Let's say you took your girlfriend out on a date and bought a very delicious meal from a very nice restaurant. A fraction of the qualitative aspect of your utility might have been met right on spot. You know, having a meal in a clean environment that also smells so nice, and perhaps, you got a very cheerful and interesting customer service representative attending to your menu, and let's not forget that just maybe their price is also very affordable. I know that might be an instant turn on for you and your girlfriend as it is for me. Then what you ordered on your menu was brought before your table, and you already can perceive this strong sweet aroma, the chicken crisp is just as you have ordered, and you have a fine bottle of beer to step it down. It will all come to an end. As fanciful as all of my imagination above must have sounded, it comes to an end eventually. You'll notice that as you consume more unit of your most savored dish with your girlfriend, utility (satisfaction) diminishes though at a different pace for both of you. Your girlfriend's satisfaction might even peak before yours, and vice-versa. And at that very state of decline, you realized you've had your fill, and the craving stops suddenly.

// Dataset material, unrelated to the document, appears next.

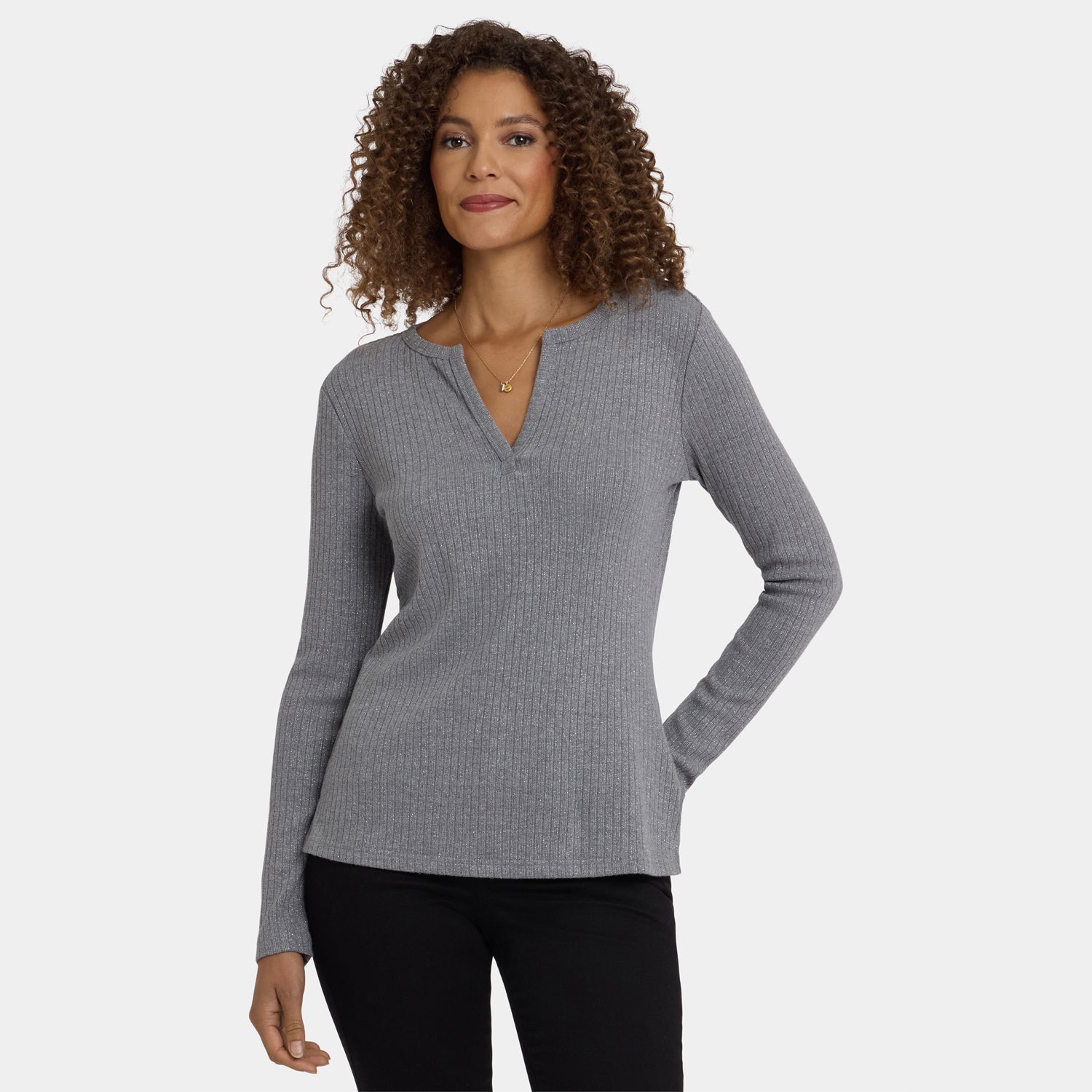 Shimmer Rib Knit Henley Top - Heather Grey Grey | NYDJ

Total and Partial Expiration; How It Affects Customers and Businesses


Utility (satisfaction) happens when a product meets your expectation or exceed them. And while this a very beautiful feeling, it does have its expiry; some total and some at intervals.

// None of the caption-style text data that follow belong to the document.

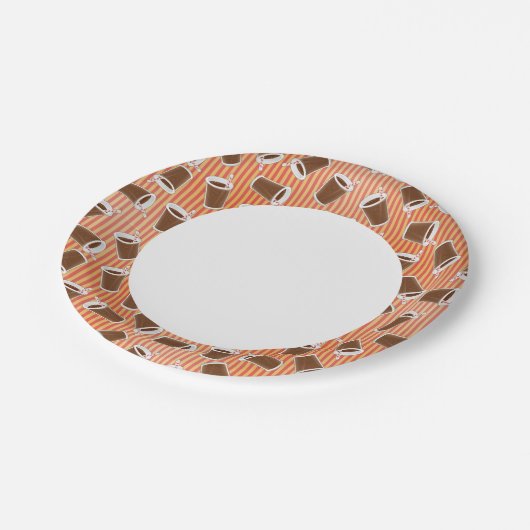 ファストフードのパターン2 ペーパープレート (アングル)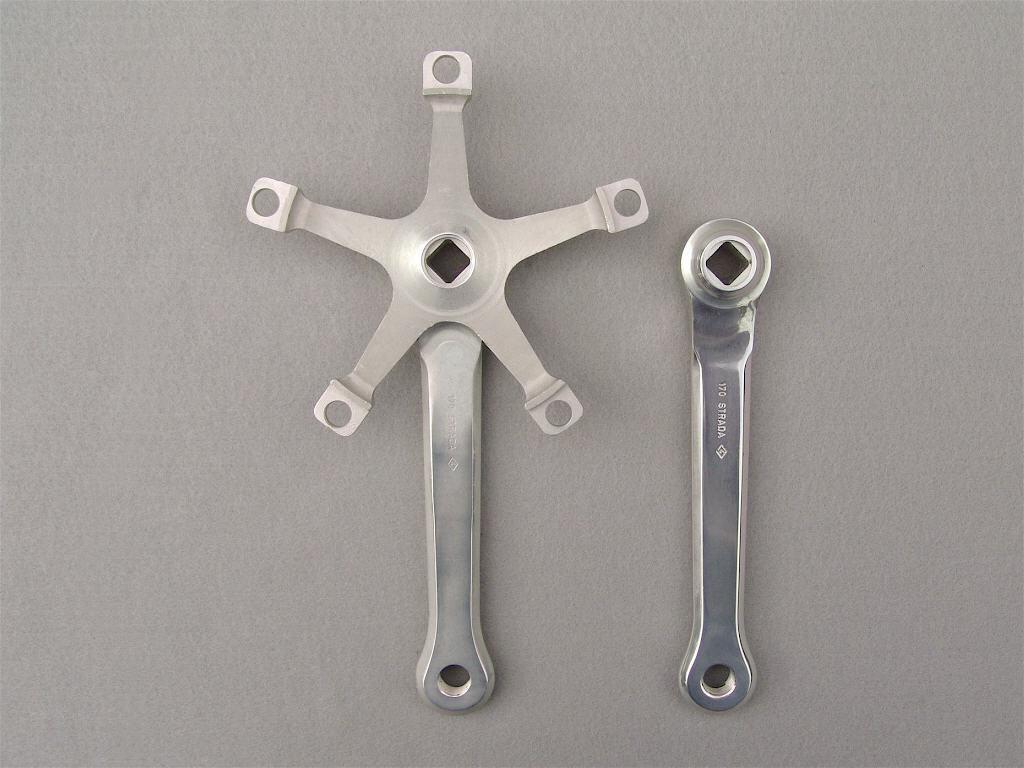 <------------------ SOLD ------------------> Campagnolo Record crank arms - 144 mm BCD -  9/16" x 20 TPI - 1974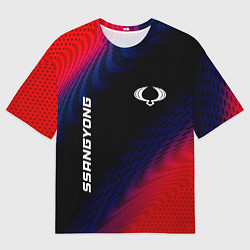 Мужская футболка оверсайз SsangYong красный карбон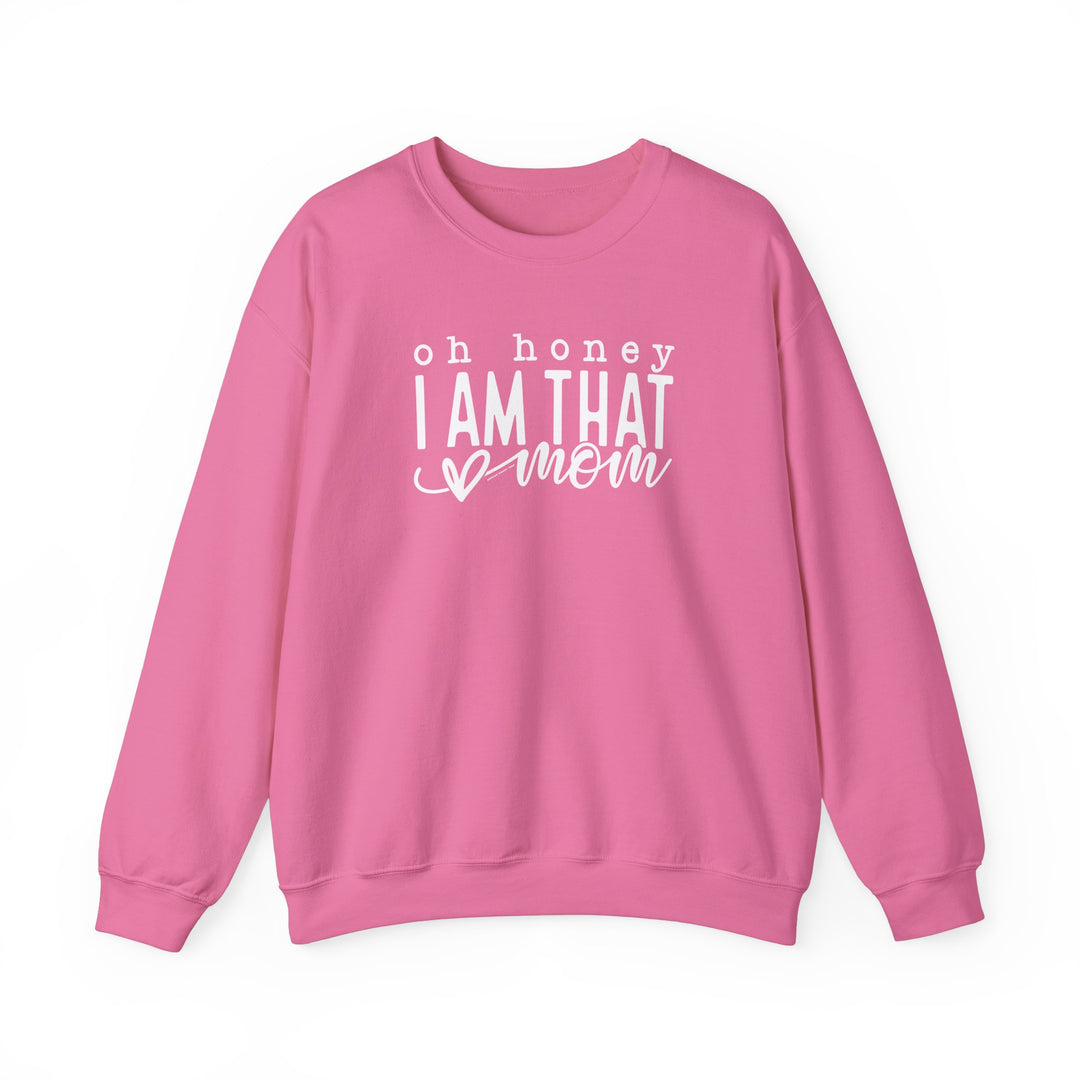 Unisex heavy blend crewneck sweatshirt, Oh Honey I'm that Mom Crew, featuring ribbed knit collar, no itchy side seams, 50% cotton, 50% polyester, loose fit, medium-heavy fabric. Sizes: S-5XL.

1. Total Expiration: Logically this happens for most products under consumption. As satisfaction are being met and diminishes from time to time. And at some point, the need to reach for a higher level of satisfaction always emerge.

For customer: The quest to meet this seemingly strong desire most times lay off a customer from continued consumption of a particular product and to seek their satisfaction elsewhere. I guess, what I am trying to say is, customers will "do anything" or "go anywhere" or "try out new things", just so they get value for their money. Let's say a customer buys a phone, and after a good number of years, of constant depreciation in value, when the "once-upon-a-time" preference has become valueless, and at that point, the customer knows to go for that same old product (if the brand is still his preference by the way) or go for some new product that perhaps is more sustainable and efficient than the old one.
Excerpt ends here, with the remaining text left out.